Currently, Artavanis-Tsakonas and his lab are examining a particular gene that has revealed some interesting phenotypes. He is pretty sure that the gene will ultimately be named hori. The postdoctoral student leading this research applauds that idea. That postdoc’s name? Hori.

A Fly in the Ointment

Things aren’t quite so freewheeling in the world of worms, where the nematode Caenorhabditis elegans is the predominant model. Nomenclature for worm genes follows more of a card-catalog process. No funny stuff here. All names are based on a classification system inspired by bacterial genetics. Genes that affect lineage, for example, are prefixed by “lin-” followed by a number designating the order of discovery. Currently, lin genes number lin-1 through lin-66, and those in between are neither sonic nor shaven.

“The nomenclature for worm genes is really logical,” says Gary Ruvkun, an HMS professor of genetics at Massachusetts General Hospital and arguably one of the world’s foremost experts on worm genomics, “and quite a disaster for anyone outside of the field. It is a system of mathematical precision but mnemonic catastrophe.”

Such systematized taxonomy belies the personality of the father of C. elegans genetics, Nobel laureate Sydney Brenner, a man reputed for his wicked sense of humor.

Maybe this is an accident of history. Brenner’s research achieved prominence during the 1960s, when computerization was on the rise, and a more orderly and less cheeky approach may have been more fashionable. Compare that with the origins of fruit fly genetics, which can be traced back to Thomas Hunt Morgan’s fly room at Columbia University in the early 20th century.
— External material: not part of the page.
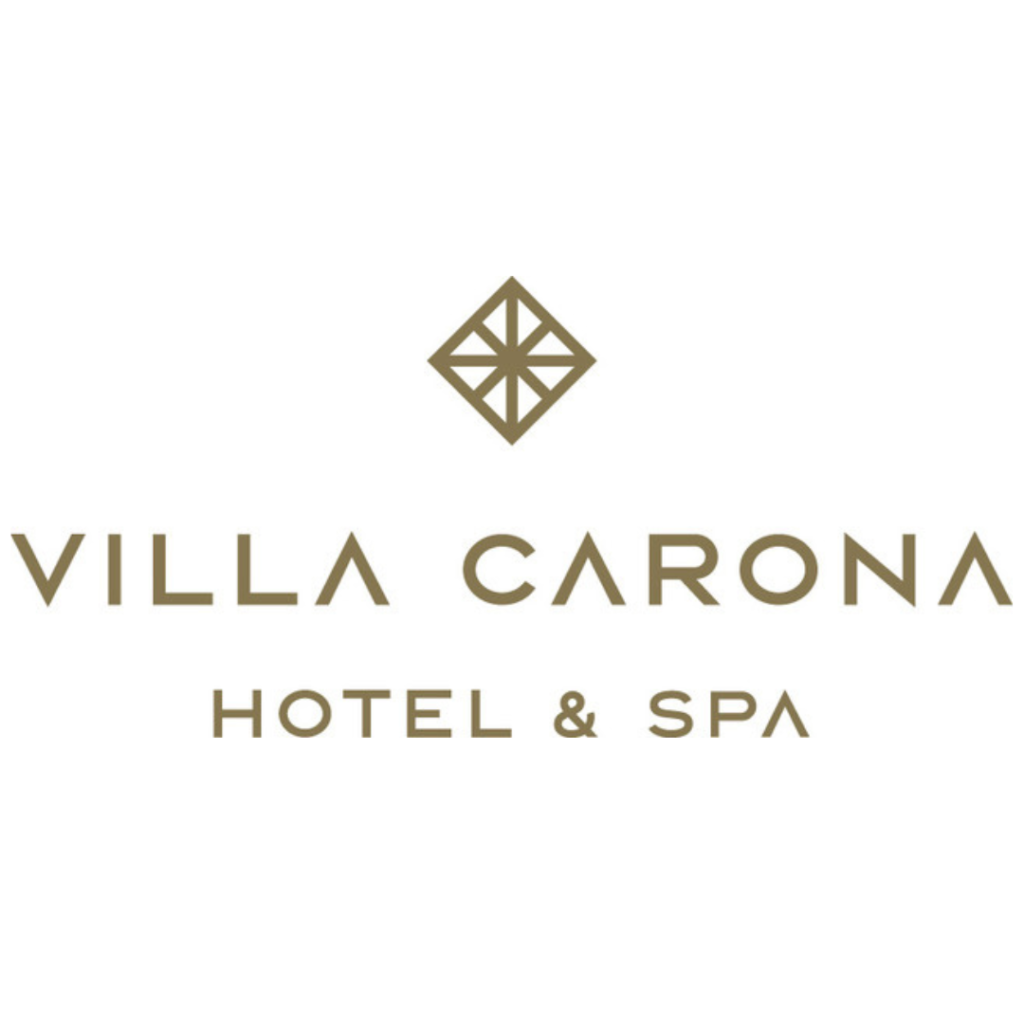 hotel villa carona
In Morgan’s era, embryology was all the rage, so that’s where all the cool kids went, leaving the “different drummer” types to fly genetics.

“The people who gathered around Morgan were considered pretty weird in their day,” says Artavanis-Tsakonas, a proud descendant. “They were very smart, but they were the outcasts. So a certain sociological gestalt developed. That tradition has held for a long time.”
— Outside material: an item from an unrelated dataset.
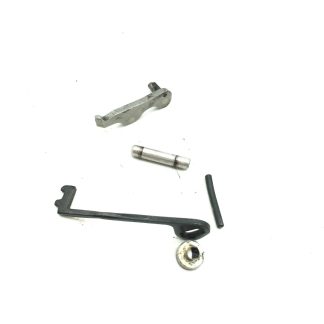 Smith & Wesson 37 Airweight .38Spl, Revolver Parts, Pins, Bar, Lever
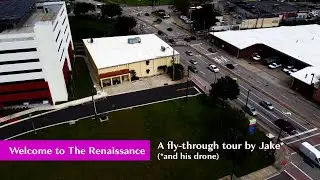 Welcome to The Renaissance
But while Ruvkun admits that, as a worm geneticist, he wishes he had such a vehicle for laughs, he cautions that “the fruit fly gene-naming freedom, while memorable, can be disruptive.” Examples that immediately come to mind for him are I’m not dead yet (abbreviated as Indy) and Ken and Barbie(describing mutations that remove sex organs).

“In the end,” Ruvkun adds, “I think that a naming convention that is not as circumscribed as C. elegans and not as self-consciously cute as Drosophilawould work best.”

But the name game has only just begun. While the Human Genome Project has identified roughly 20,000 human genes, many of them have yet to be characterized. And those 20,000 are just genes for protein-coding sequences. DNA codes for a whole lot more than that (microRNAs, anyone?) and so the potential for creativity is as dynamic as ever.

“It’s like the dotcom-naming domain,” says Van Vactor. “There are quite a few empty slots still out there.”